[Web page caption snippets]
----

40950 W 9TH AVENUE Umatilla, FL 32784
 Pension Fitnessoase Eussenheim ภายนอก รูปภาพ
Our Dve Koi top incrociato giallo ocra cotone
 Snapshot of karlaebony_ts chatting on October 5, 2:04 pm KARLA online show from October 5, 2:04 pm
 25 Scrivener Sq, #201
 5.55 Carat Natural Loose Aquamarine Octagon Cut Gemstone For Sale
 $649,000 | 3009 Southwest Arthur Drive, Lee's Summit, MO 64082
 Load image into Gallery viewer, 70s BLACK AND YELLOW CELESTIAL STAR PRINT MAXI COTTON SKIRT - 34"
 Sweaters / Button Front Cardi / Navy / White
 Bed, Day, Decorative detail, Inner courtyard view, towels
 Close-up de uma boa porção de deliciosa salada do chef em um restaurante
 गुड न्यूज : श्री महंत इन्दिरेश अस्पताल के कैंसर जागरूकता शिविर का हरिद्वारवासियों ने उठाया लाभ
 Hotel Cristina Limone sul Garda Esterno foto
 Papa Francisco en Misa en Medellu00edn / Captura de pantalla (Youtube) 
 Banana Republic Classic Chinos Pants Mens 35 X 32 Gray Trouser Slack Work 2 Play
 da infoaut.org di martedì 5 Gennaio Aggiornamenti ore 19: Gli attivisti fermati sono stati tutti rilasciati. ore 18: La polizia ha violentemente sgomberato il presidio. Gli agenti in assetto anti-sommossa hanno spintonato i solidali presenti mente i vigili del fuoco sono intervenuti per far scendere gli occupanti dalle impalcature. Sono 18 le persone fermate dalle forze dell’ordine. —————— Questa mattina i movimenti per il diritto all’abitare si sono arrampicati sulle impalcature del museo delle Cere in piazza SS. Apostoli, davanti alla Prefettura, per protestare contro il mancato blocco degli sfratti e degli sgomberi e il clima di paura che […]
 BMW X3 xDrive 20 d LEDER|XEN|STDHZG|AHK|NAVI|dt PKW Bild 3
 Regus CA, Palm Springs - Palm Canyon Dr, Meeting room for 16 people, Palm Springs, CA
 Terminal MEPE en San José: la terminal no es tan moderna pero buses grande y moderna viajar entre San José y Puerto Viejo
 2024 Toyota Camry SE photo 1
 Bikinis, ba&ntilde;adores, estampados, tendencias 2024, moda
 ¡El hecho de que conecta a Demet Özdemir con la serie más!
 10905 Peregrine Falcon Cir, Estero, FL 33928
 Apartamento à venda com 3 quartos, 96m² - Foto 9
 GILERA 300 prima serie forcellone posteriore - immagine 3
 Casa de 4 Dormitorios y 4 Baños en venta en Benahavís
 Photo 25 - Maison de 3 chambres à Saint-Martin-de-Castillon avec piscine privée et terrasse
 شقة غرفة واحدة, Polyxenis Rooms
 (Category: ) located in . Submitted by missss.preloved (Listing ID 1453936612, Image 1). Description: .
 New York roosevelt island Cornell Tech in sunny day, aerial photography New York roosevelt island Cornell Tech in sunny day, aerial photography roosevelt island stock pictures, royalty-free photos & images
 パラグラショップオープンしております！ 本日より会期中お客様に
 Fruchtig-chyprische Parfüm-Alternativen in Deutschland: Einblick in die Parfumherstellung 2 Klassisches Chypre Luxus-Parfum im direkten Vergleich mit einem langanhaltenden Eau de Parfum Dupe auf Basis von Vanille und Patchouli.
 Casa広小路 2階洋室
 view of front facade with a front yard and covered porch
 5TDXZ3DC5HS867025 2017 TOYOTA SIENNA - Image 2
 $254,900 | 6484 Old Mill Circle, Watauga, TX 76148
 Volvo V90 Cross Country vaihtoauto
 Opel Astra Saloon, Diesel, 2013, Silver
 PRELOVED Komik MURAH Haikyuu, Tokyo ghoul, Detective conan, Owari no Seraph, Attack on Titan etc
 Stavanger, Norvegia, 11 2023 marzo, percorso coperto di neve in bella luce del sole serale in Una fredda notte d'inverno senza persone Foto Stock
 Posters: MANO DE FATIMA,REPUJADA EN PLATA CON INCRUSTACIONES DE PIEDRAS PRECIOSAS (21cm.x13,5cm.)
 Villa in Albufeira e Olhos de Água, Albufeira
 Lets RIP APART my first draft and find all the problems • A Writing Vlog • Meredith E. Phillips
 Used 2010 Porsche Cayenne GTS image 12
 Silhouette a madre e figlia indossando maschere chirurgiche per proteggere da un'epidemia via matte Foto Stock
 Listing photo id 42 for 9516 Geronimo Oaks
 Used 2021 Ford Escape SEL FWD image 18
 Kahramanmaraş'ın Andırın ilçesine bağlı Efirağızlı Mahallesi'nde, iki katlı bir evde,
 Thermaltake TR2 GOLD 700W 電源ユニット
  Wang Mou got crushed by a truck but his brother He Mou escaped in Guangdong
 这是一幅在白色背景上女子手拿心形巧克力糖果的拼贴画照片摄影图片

----

§ Exercise details: Within these records, how many lines include the word "Used"? The reply should be that number alone.

§ Solved problem: 2